On 2017-10-17 10:56, Stefan Ram wrote:
> In several cases of UB, one also could imagine a
> hypothetical language, where the behavior would be merely
> implementation specified.
>
> For example, the division by 0 is undefined behavior, but it
> could as well have been defined to be implementation
> specified.
>
> What are the reasons one sometimes prefers undefined
> behavior to implementation-specified behavior?

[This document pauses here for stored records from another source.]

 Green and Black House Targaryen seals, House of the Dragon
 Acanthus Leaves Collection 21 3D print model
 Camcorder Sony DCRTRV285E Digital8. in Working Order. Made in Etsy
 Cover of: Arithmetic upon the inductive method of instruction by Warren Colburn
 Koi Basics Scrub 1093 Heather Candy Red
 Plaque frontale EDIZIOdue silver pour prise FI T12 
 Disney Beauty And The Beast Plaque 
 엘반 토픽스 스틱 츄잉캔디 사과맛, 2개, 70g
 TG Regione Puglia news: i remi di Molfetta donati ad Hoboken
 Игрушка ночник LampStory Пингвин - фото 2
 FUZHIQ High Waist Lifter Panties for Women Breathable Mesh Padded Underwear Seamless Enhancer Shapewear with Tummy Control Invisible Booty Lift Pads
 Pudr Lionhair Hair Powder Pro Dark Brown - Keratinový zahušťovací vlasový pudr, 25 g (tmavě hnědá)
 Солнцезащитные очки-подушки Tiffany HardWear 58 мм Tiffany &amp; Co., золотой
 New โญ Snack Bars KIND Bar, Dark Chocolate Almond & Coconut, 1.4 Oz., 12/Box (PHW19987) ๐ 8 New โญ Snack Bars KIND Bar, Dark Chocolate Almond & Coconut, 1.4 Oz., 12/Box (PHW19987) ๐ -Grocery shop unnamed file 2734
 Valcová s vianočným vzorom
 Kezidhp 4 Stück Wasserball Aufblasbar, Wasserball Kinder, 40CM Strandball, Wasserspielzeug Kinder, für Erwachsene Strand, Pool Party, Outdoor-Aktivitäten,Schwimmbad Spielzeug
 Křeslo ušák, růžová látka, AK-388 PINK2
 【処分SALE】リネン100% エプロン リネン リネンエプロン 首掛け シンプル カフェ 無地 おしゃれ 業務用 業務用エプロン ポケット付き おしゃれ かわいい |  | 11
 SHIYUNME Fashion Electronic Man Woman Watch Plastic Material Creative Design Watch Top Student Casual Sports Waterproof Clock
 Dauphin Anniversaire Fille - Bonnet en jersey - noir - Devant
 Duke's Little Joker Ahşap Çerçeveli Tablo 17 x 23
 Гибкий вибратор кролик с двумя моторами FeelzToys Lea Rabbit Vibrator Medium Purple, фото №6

Whenever the behavior is unspecified, the standard is supposed to, at
least implicitly, provide a set of different possible behaviors to
choose from. The main reason for preferring undefined behaviour is when
the range of possible behaviors gets too big and complicated to describe
correctly.
Example: overwriting the end of an array. On most systems, there's three
main possibilities. Such overwrites might end up writing to protected
memory, causing your program to abort(). That's not particularly
problematic to describe. An unlikely possibility is that it will simply
be a no-op, also easy to describe. However, if memory protection is not
triggered, such attempts will generally cause an arbitrary piece of
memory to be filled in with a representation of the value you provided.
That piece of memory might or might not be currently in use by some
other part of your program, or by some other program. However, that
can't be used as the description of the behavior. That description must
be in terms of what actually happens as a result of that write. What
will happen depends upon how that piece of memory is being used. For
instance, it might contain the code address that the current function
will jump to when it exits, in which case the function will jump to a
location that depends upon what you wrote to that piece of memory. Or it
might contain one of the other variables in your program, causing that
variable to unexpectedly change value. Or it might contain errno, or
argv[0]. Listing all of the possible consequences of writing to an
arbitrary location in memory is simply impossible. The easiest thing
that covers all of those possibilities is "undefined behavior".